* Available data *
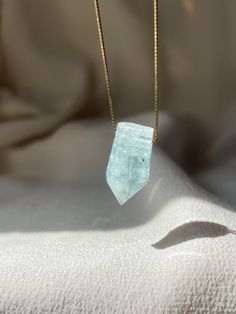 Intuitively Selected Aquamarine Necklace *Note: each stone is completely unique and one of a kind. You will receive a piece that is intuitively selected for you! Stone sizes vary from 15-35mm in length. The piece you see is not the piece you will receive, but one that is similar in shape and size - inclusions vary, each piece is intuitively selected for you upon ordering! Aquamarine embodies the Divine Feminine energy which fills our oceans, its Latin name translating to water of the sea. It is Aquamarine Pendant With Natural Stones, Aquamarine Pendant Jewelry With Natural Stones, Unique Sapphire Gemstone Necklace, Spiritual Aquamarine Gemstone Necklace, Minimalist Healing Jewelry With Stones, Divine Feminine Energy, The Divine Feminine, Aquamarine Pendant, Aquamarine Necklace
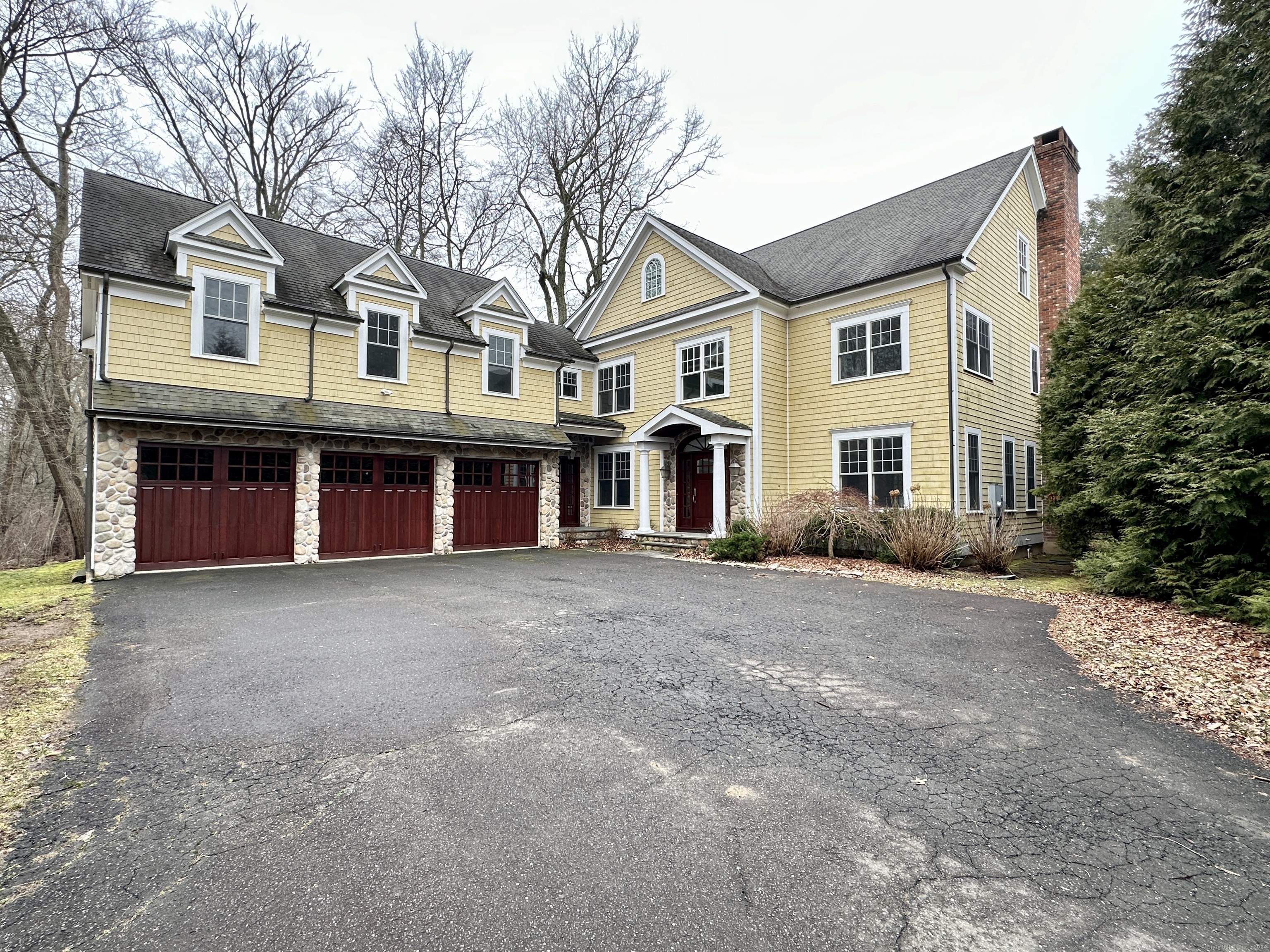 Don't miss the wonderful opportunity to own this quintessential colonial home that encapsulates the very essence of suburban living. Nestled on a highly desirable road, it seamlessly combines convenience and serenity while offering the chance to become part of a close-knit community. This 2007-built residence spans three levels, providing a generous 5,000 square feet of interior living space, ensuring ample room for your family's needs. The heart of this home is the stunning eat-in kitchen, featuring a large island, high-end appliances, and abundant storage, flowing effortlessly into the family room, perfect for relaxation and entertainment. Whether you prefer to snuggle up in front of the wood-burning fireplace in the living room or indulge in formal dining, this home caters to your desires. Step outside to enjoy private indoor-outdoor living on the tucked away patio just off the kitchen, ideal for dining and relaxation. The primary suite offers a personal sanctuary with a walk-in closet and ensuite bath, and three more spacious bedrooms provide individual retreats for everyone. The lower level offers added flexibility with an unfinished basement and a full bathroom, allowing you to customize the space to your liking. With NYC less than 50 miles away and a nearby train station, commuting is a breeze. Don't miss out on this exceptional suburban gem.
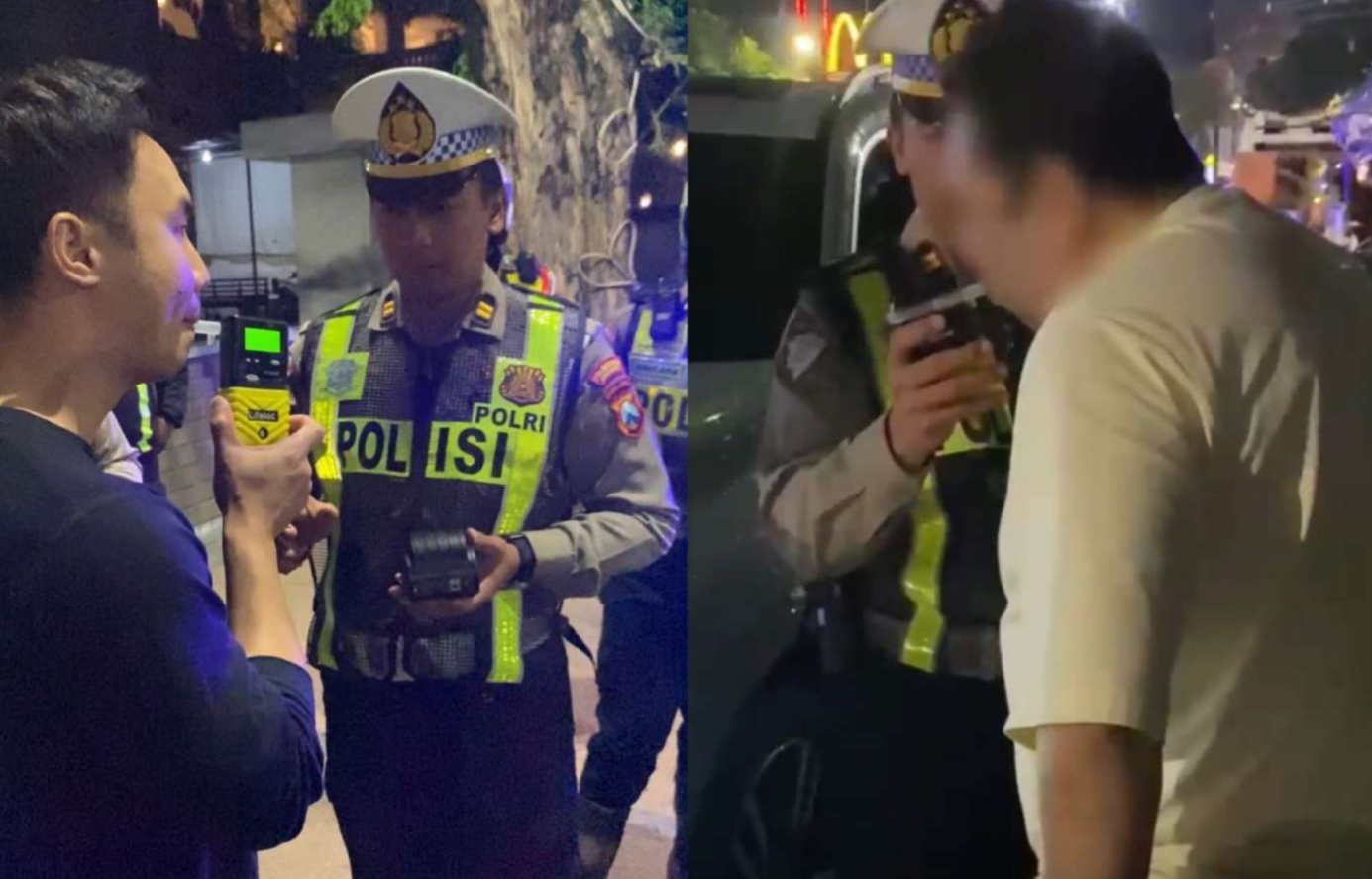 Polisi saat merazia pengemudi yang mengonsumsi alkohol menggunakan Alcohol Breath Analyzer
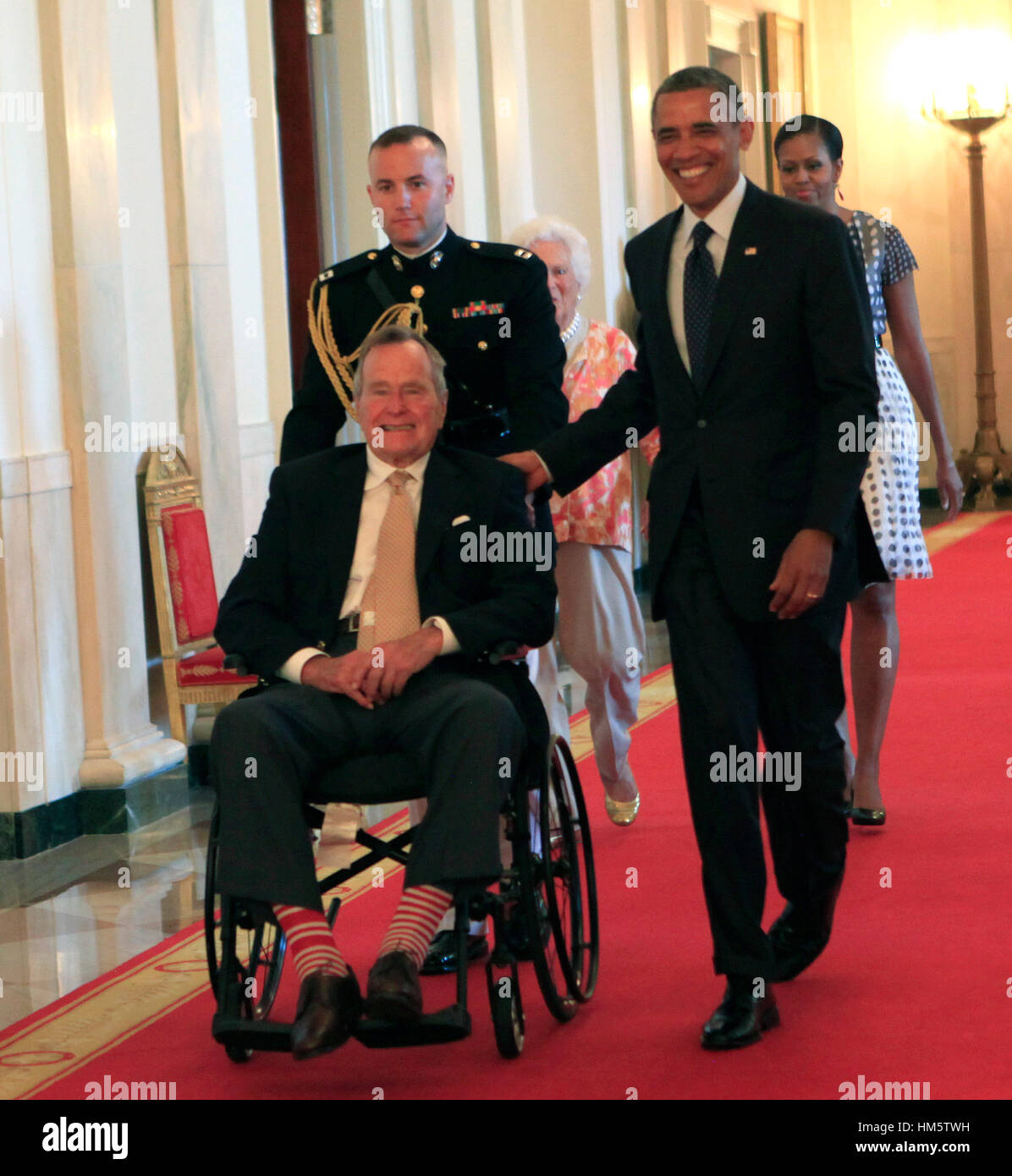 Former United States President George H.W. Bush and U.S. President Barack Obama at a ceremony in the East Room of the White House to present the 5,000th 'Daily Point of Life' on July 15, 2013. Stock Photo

* Problem *
Down to the last line, print the material exactly, but not its pictures.

* Solution to the exercise *
 Intuitively Selected Aquamarine Necklace *Note: each stone is completely unique and one of a kind. You will receive a piece that is intuitively selected for you! Stone sizes vary from 15-35mm in length. The piece you see is not the piece you will receive, but one that is similar in shape and size - inclusions vary, each piece is intuitively selected for you upon ordering! Aquamarine embodies the Divine Feminine energy which fills our oceans, its Latin name translating to water of the sea. It is Aquamarine Pendant With Natural Stones, Aquamarine Pendant Jewelry With Natural Stones, Unique Sapphire Gemstone Necklace, Spiritual Aquamarine Gemstone Necklace, Minimalist Healing Jewelry With Stones, Divine Feminine Energy, The Divine Feminine, Aquamarine Pendant, Aquamarine Necklace
 Don't miss the wonderful opportunity to own this quintessential colonial home that encapsulates the very essence of suburban living. Nestled on a highly desirable road, it seamlessly combines convenience and serenity while offering the chance to become part of a close-knit community. This 2007-built residence spans three levels, providing a generous 5,000 square feet of interior living space, ensuring ample room for your family's needs. The heart of this home is the stunning eat-in kitchen, featuring a large island, high-end appliances, and abundant storage, flowing effortlessly into the family room, perfect for relaxation and entertainment. Whether you prefer to snuggle up in front of the wood-burning fireplace in the living room or indulge in formal dining, this home caters to your desires. Step outside to enjoy private indoor-outdoor living on the tucked away patio just off the kitchen, ideal for dining and relaxation. The primary suite offers a personal sanctuary with a walk-in closet and ensuite bath, and three more spacious bedrooms provide individual retreats for everyone. The lower level offers added flexibility with an unfinished basement and a full bathroom, allowing you to customize the space to your liking. With NYC less than 50 miles away and a nearby train station, commuting is a breeze. Don't miss out on this exceptional suburban gem.
 Polisi saat merazia pengemudi yang mengonsumsi alkohol menggunakan Alcohol Breath Analyzer
 Former United States President George H.W. Bush and U.S. President Barack Obama at a ceremony in the East Room of the White House to present the 5,000th 'Daily Point of Life' on July 15, 2013. Stock Photo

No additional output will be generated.